• [EXERCISE DIRECTIONS]:
Could you write out, exactly and with no pictures, every line from the one containing "Tom Collins Cocktail" through the last line of the entries?

■ ■ ■ ■ ■ ■ ■

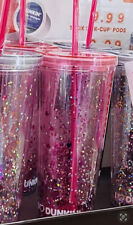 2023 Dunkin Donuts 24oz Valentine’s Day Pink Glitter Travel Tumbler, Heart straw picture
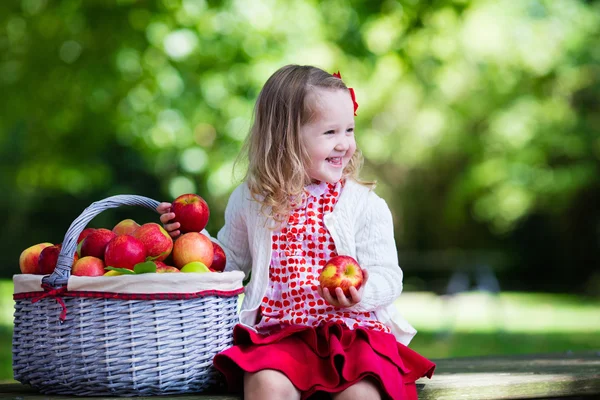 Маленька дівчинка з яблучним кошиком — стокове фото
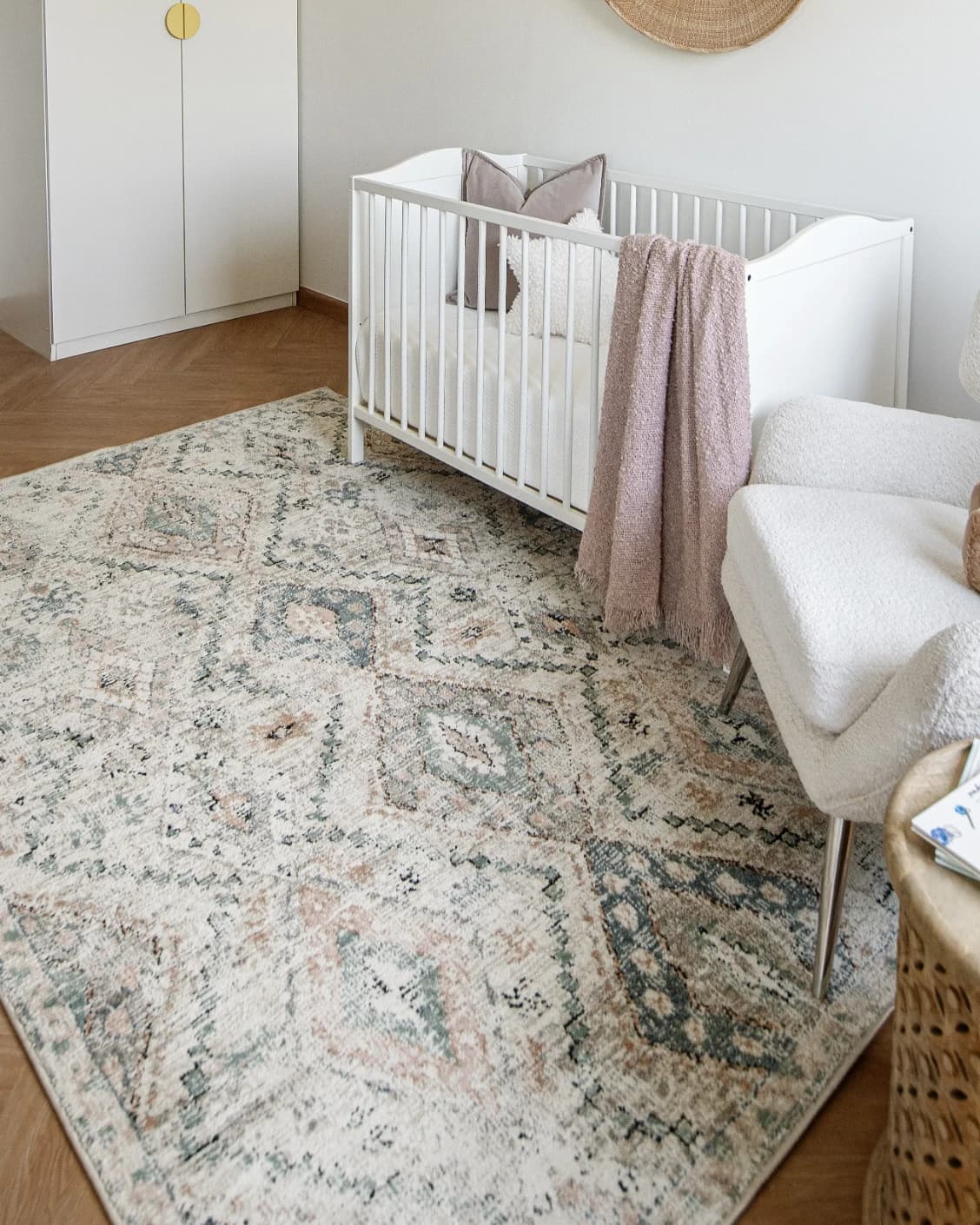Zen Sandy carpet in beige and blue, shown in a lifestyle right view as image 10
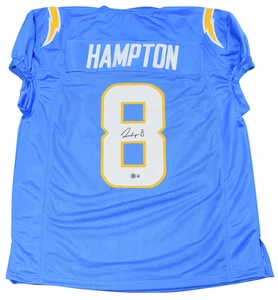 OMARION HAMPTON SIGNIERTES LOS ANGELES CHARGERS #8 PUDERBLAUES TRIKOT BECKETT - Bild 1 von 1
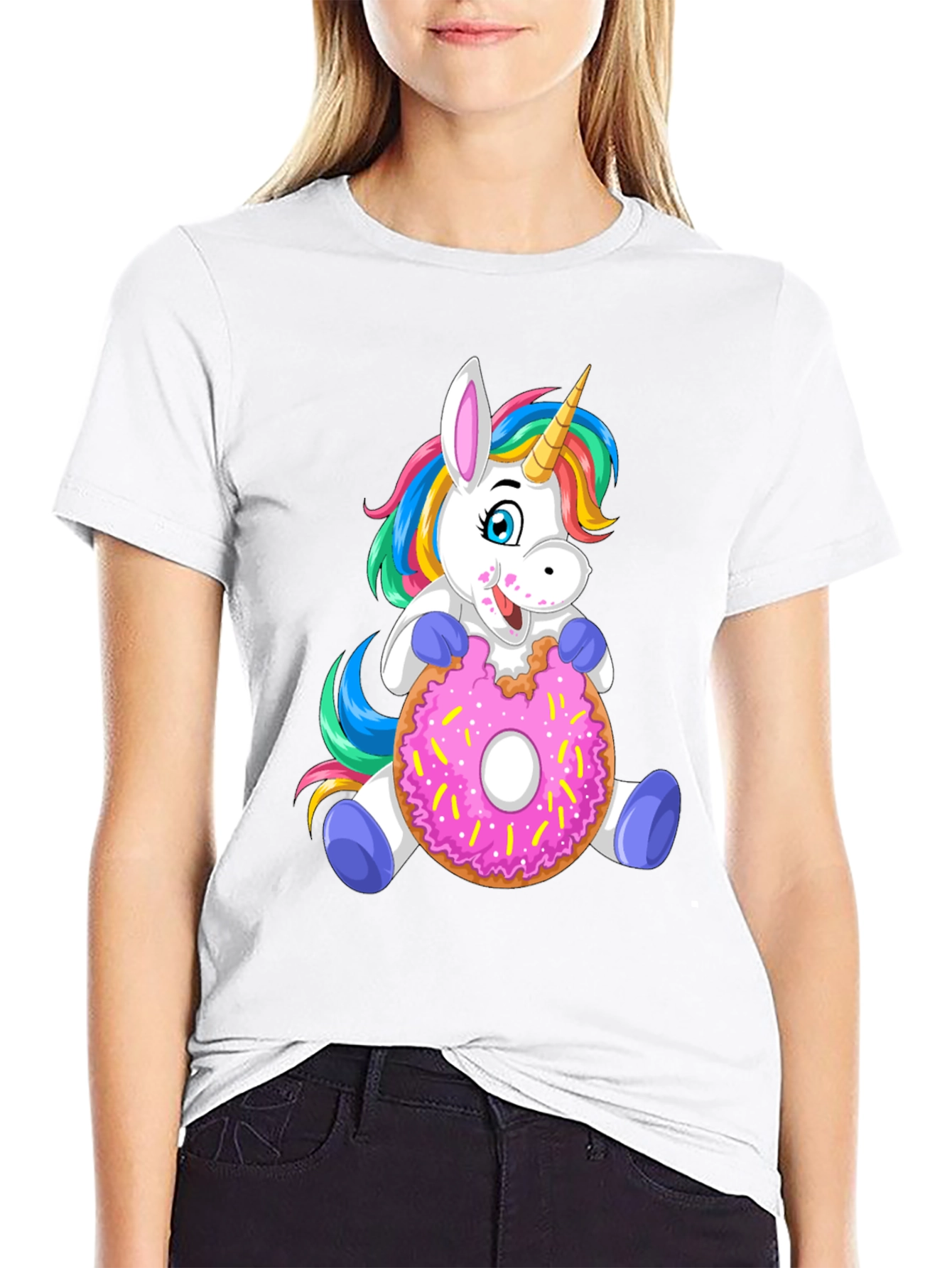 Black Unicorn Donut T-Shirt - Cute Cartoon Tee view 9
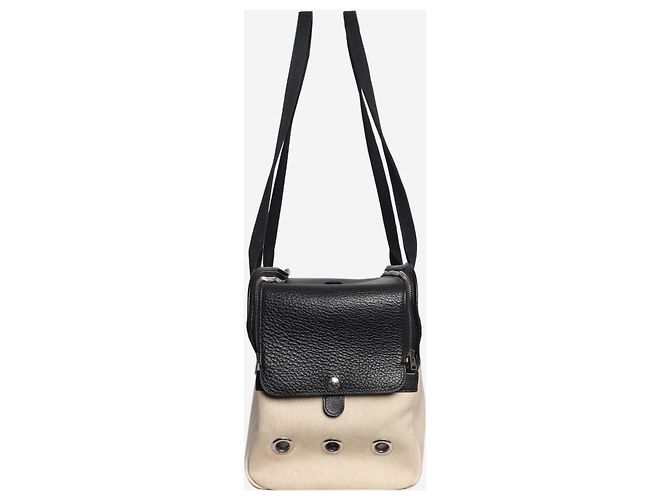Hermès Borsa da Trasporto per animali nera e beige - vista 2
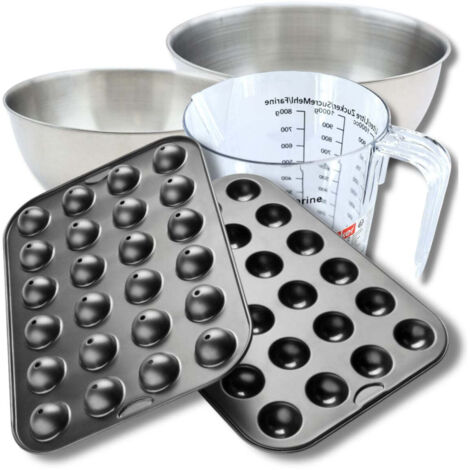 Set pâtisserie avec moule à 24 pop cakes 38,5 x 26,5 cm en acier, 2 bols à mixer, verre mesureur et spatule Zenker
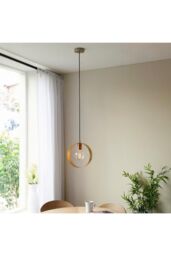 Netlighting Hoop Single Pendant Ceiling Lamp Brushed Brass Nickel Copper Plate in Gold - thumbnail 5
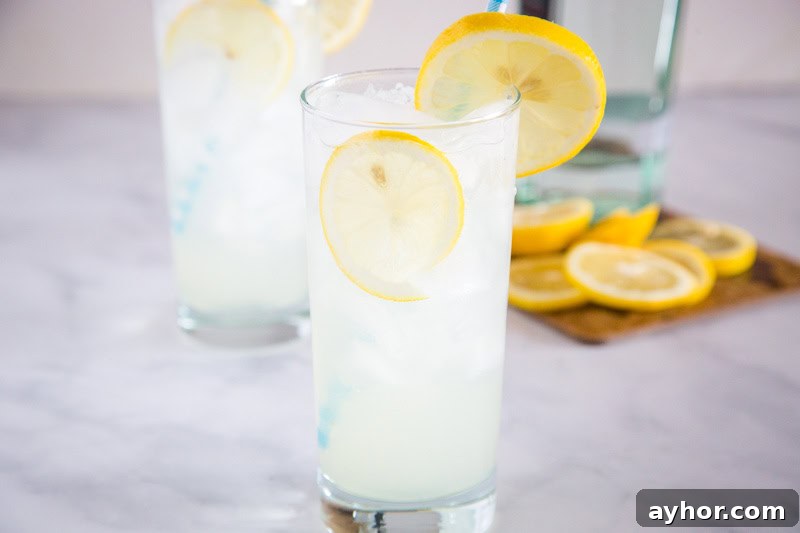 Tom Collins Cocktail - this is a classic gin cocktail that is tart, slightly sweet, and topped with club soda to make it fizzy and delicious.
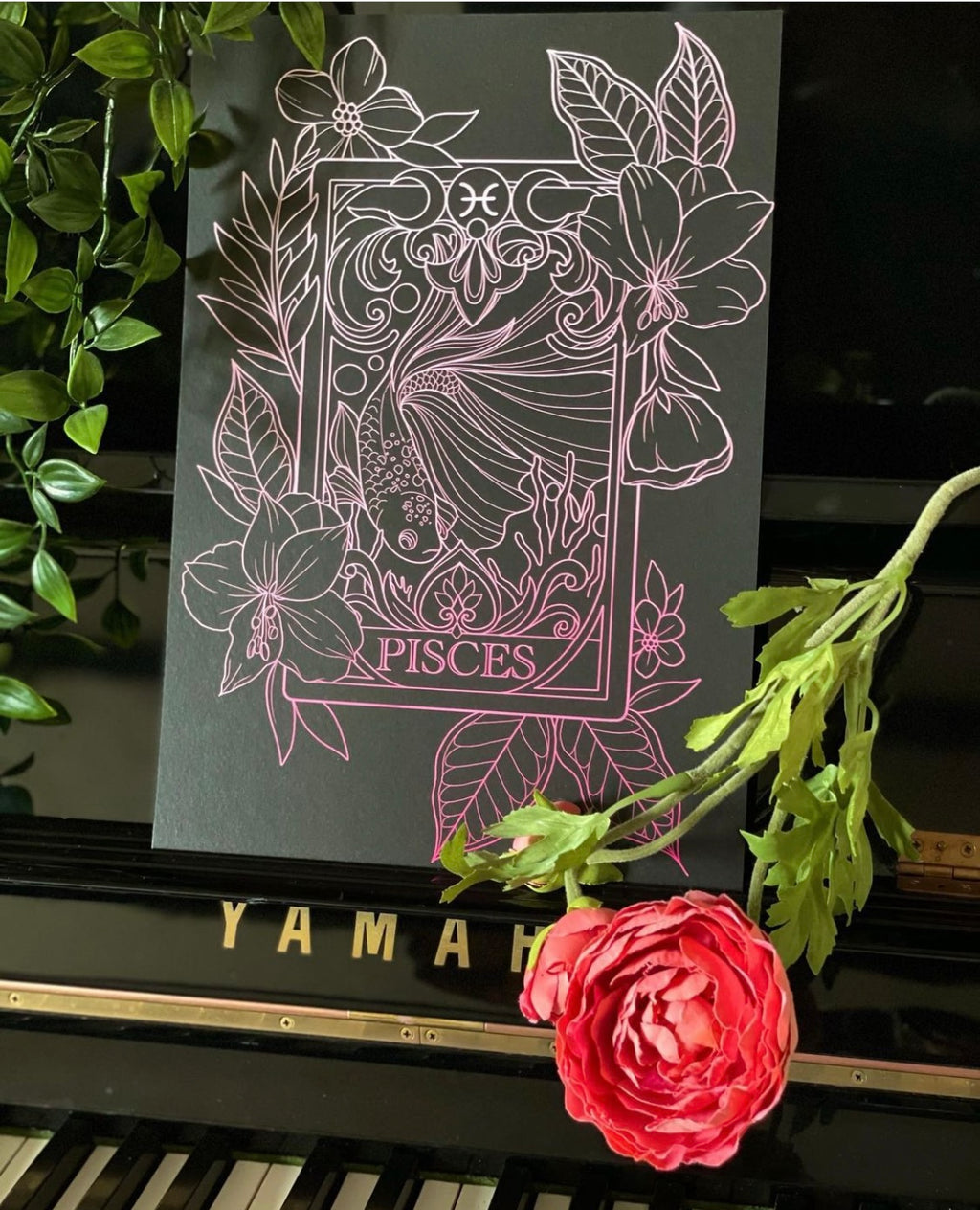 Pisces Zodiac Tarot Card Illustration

■ ■ ■ ■ ■ ■ ■

• [COMPLETED TASK]:
 Tom Collins Cocktail - this is a classic gin cocktail that is tart, slightly sweet, and topped with club soda to make it fizzy and delicious.
 Pisces Zodiac Tarot Card Illustration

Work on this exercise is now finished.